Upgraded and enhanced, Parasound has added more than ‘go-faster’ stripes onto its new phono amplifier. Paul Rigby reviews the JC 3+
This John Curl-designed phono amp is nothing if not a stickler for isolation. Everything is separated out to avoid components talking to each other, out of turn. This dual mono design has each channel contained in its own aluminium housing.
More partitions, this time of the steel variety, are used to isolate the power supply. The latter also features 47% larger power-supply filter capacitors, an upgrade from the previous JC 3 model. This has been done to add more reserve current to lessen the strain upon the phono amp as a whole. The transformer is 82% larger too which, says the company, should improve bass performance.
At the rear are the usual inputs and outputs (both sets of RCAs are supplied by Vampire), a pair of Neutrik balanced outputs, two cartridge select toggle switches and two impedance adjustment rotating knobs, a switch to turn off the front fascia illumination (a great idea) and a rocker power switch plus IEC power socket which enables a power cable upgrade if you wish.
While on the front is a power button. Oh and one final addition that I must mention. The front fascia also includes a mono switch! Huzzah!
Spanning 437 x 350 x 105mm and weighing in at 8.6kg, the JC 3+ can be yours in black or silver.
I began the sound test in unbalanced mode with Nancy Wilson’s Reach Out For Me, from the LP, Today – My Way, which is a busy track packed with orchestral strings, a subtle electric guitar and bass, numerous secondary percussion, drums and more.

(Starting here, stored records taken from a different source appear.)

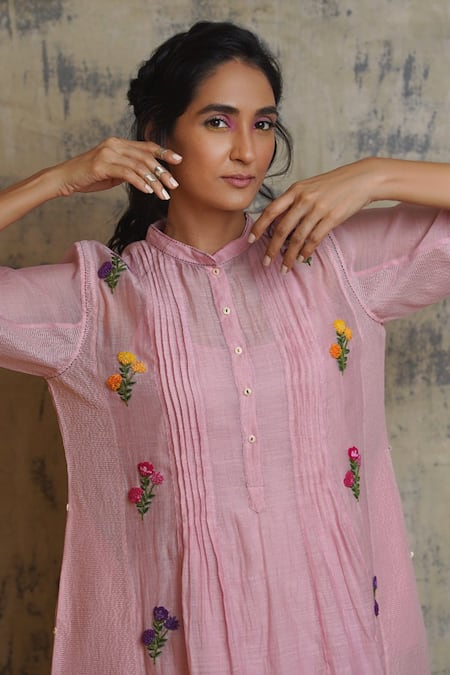 Buy_Dhaari_Pink Cotton Silk Band Collar Embroidered Dress _Online_at_Aza_Fashions
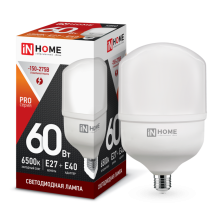 60Вт 6500К Е27 лампа светодиодная IN HOME LED-HP-PRO 230В с адаптером E40 5400Лм
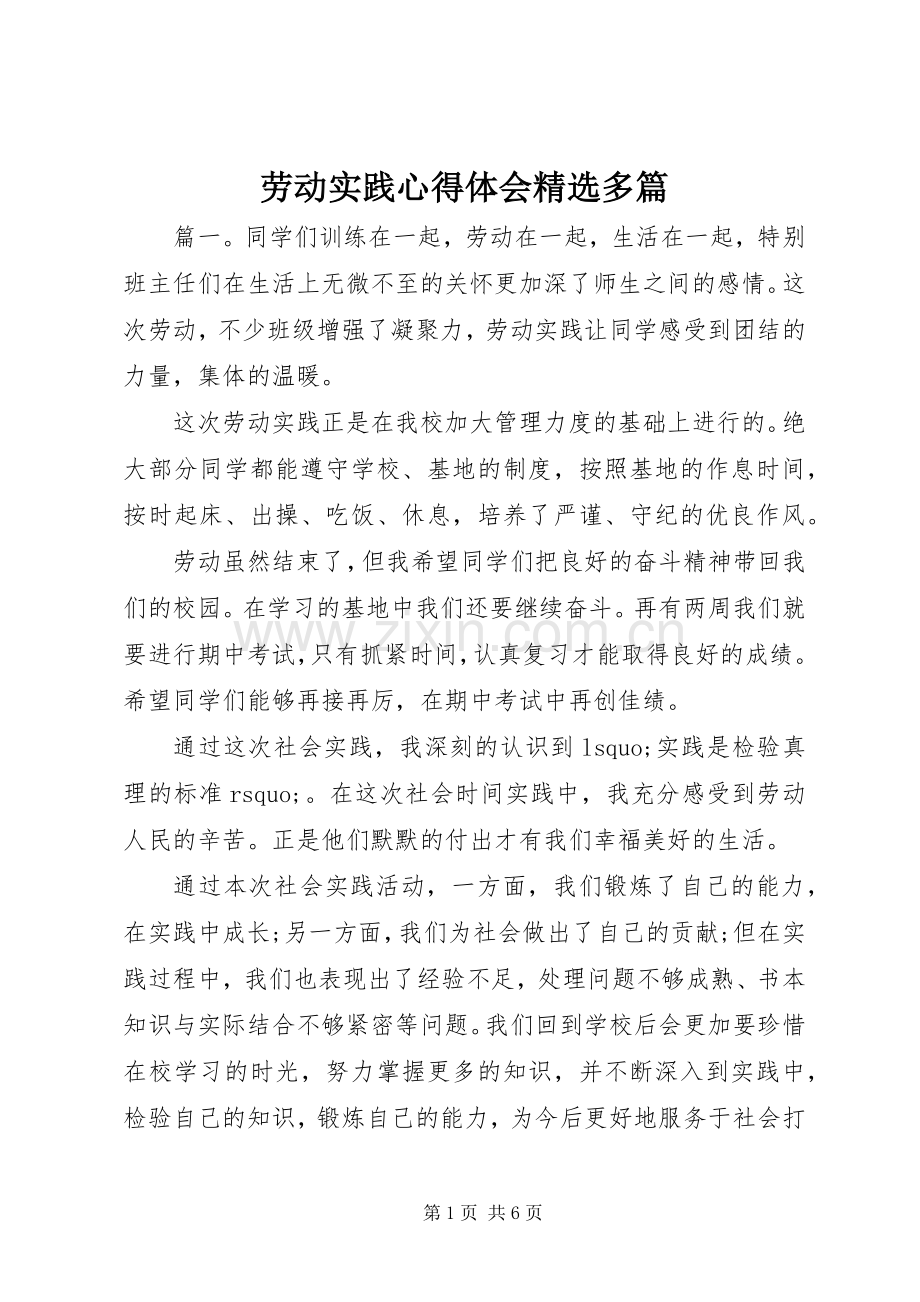 劳动实践心得体会多篇.docx_第1页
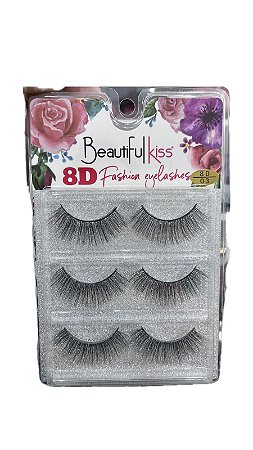 Kit c/ 3 pares de cílios postiços 8D03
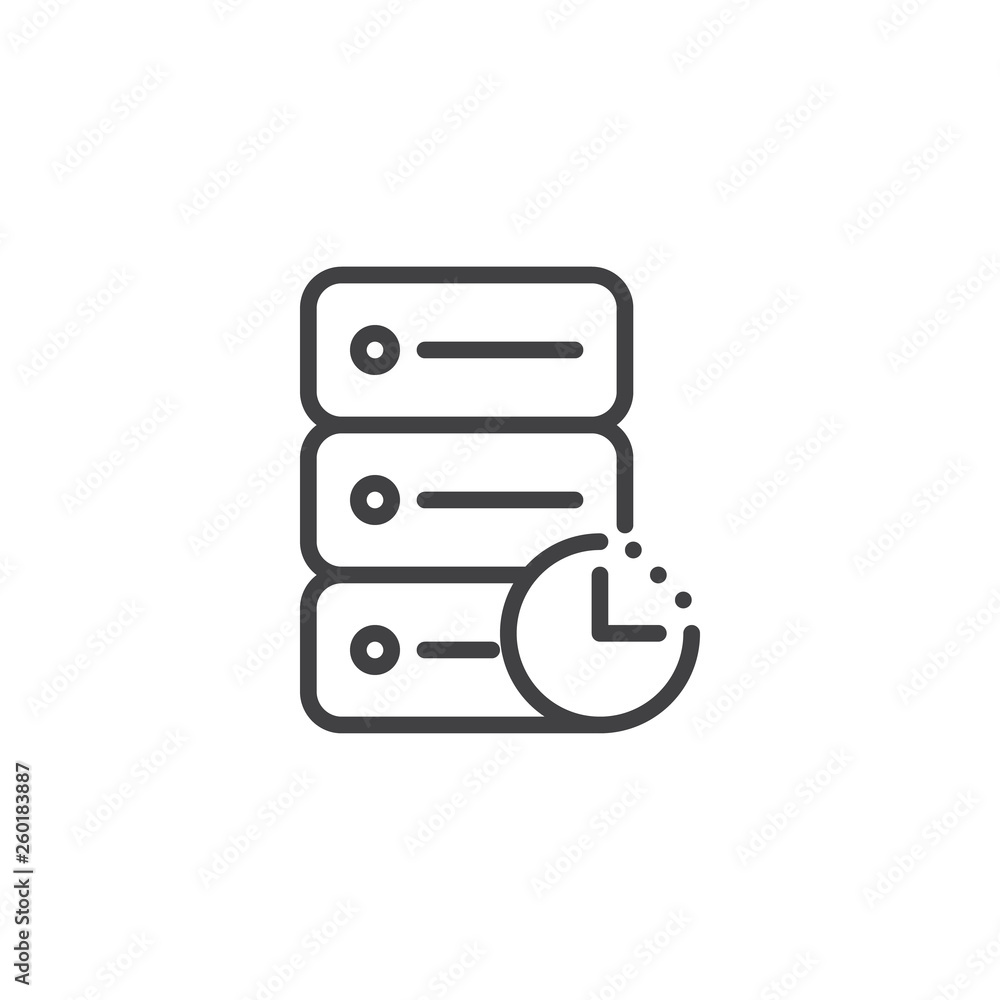 Database with clock line icon. linear style sign for mobile concept and web design. Storage time server outline vector icon. Symbol, logo illustration. Pixel perfect vector graphics Database with clock line icon. linear style sign for mobile concept and web design. Storage time server outline vector icon. Symbol, logo illustration. Pixel perfect vector graphics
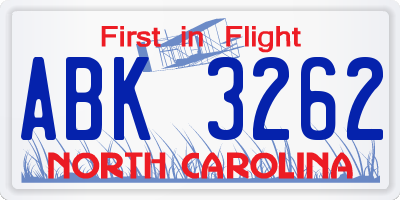 NC license plate ABK3262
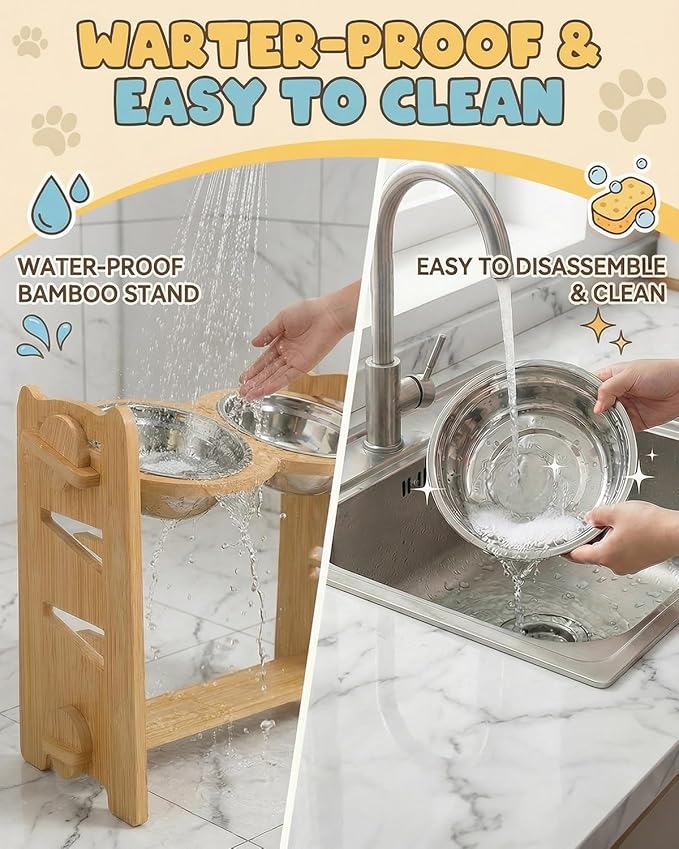 Elevated Dog Bowls, Adjustable Raised Dog Bowl Stand for Medium Size Dogs, 15°Tilted Elevated Dog Bowls, Durable Bamboo Dogs Feeder with 2 Stainless Steel Bowls and Non-Slip Feet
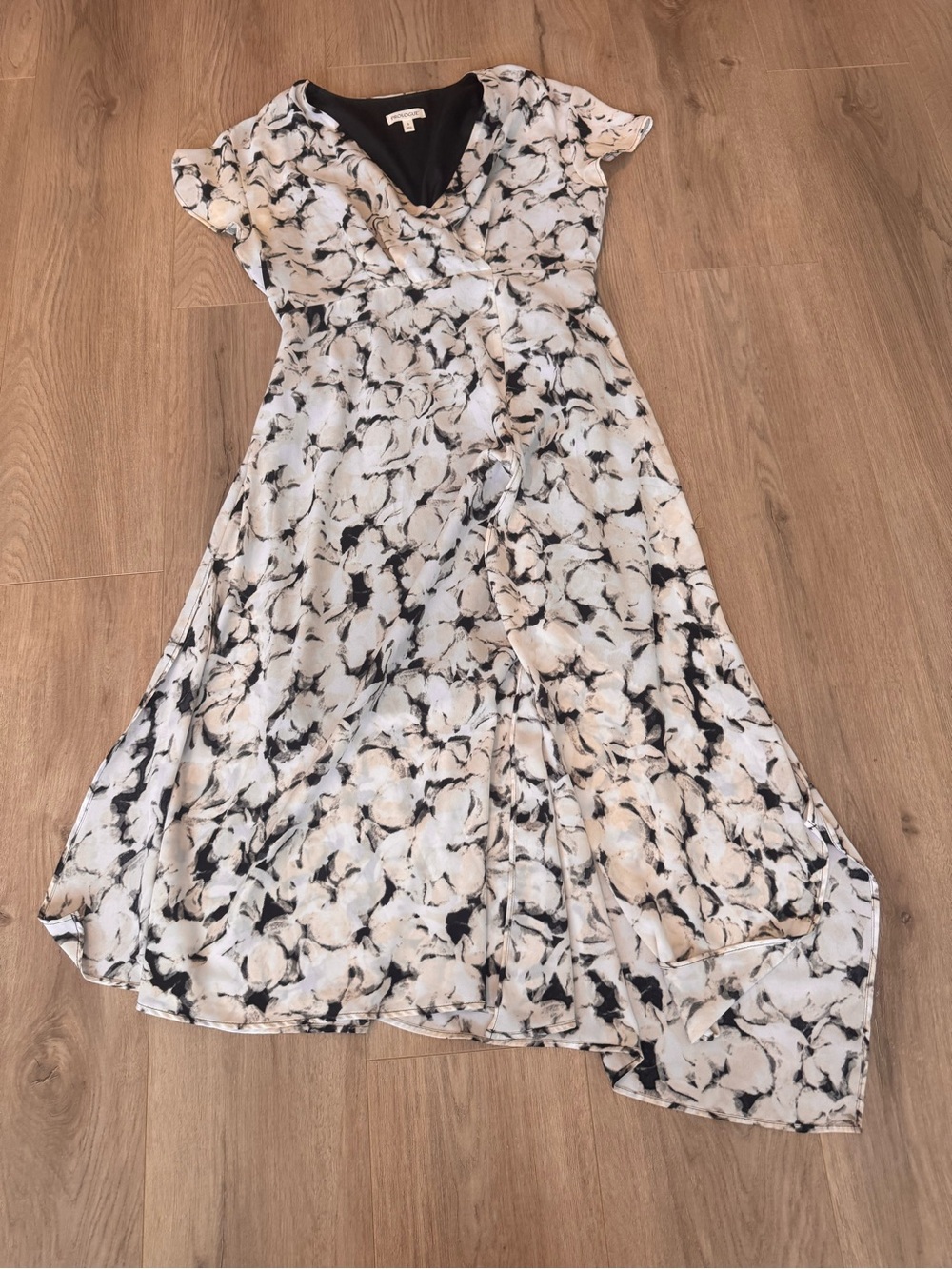 Prologue Black, Cream & White Floral Maxi Wrap Dress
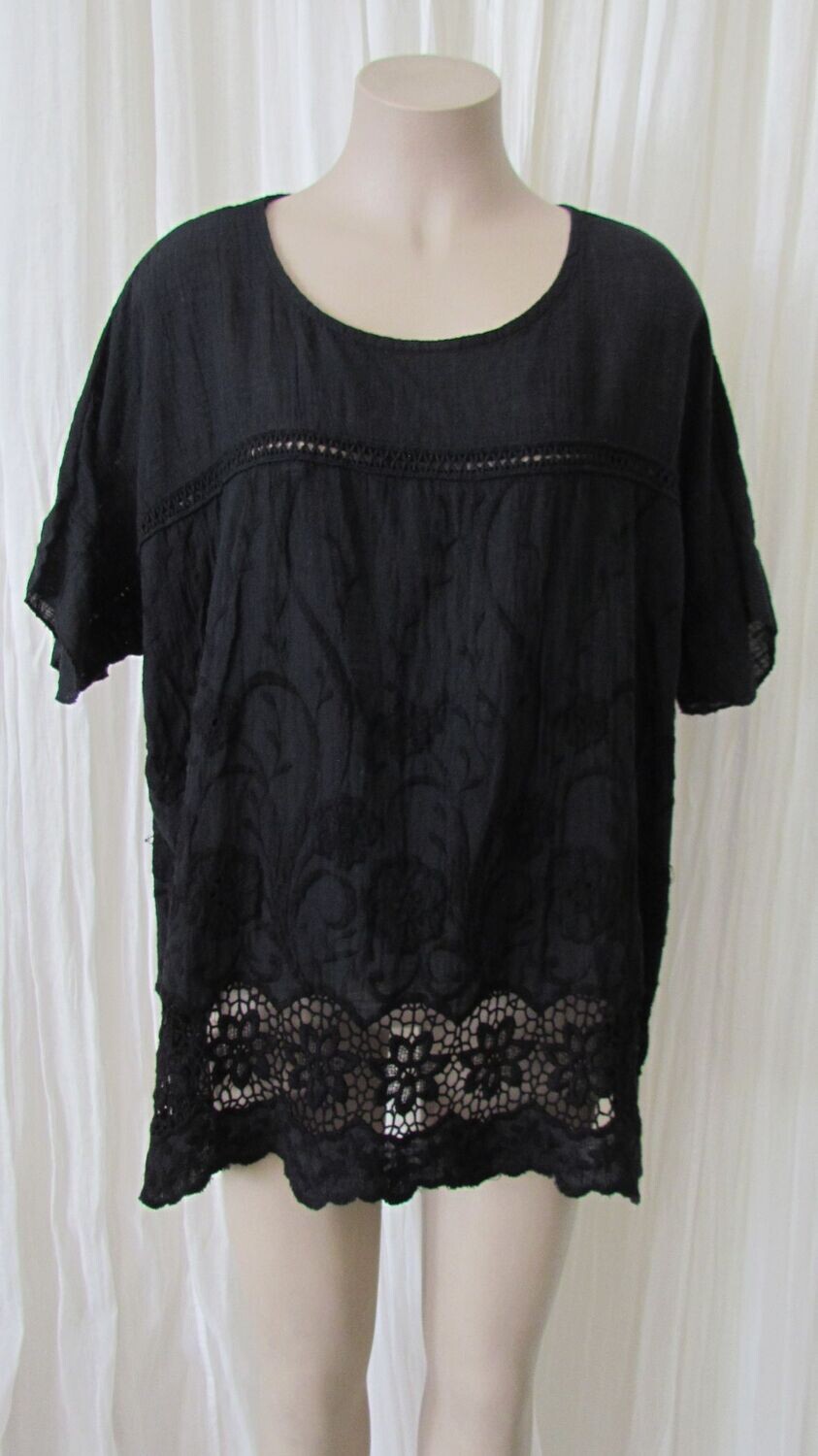Black Embroided Crochet Cotton Top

I like to test solid state phono amps against my Icon Audio PS3 valve reference because it often illuminates the amp’s inherent personality and how far along the sliding scale the designer has moved towards a valve-like sound…or not. In the Parasound’s case, the latter is certainly the case. This is a solid state sound and no mistake. Although my first task, as our tests showed, was to rush for the volume knob as gain was relatively high.
In general terms, the soundstage was tight and honed which meant that Wilson’s delivery was crisp, precise and accurate. Her vocal was ‘in your face’ – some may hear it as aggressive – as she pushed her emotions square between the eyes. Because of this approach, the Parasound also emphasised the bass and secondary percussion such as tambourine and spotlighted glockenspiel strikes, giving the overall track added drive and pace.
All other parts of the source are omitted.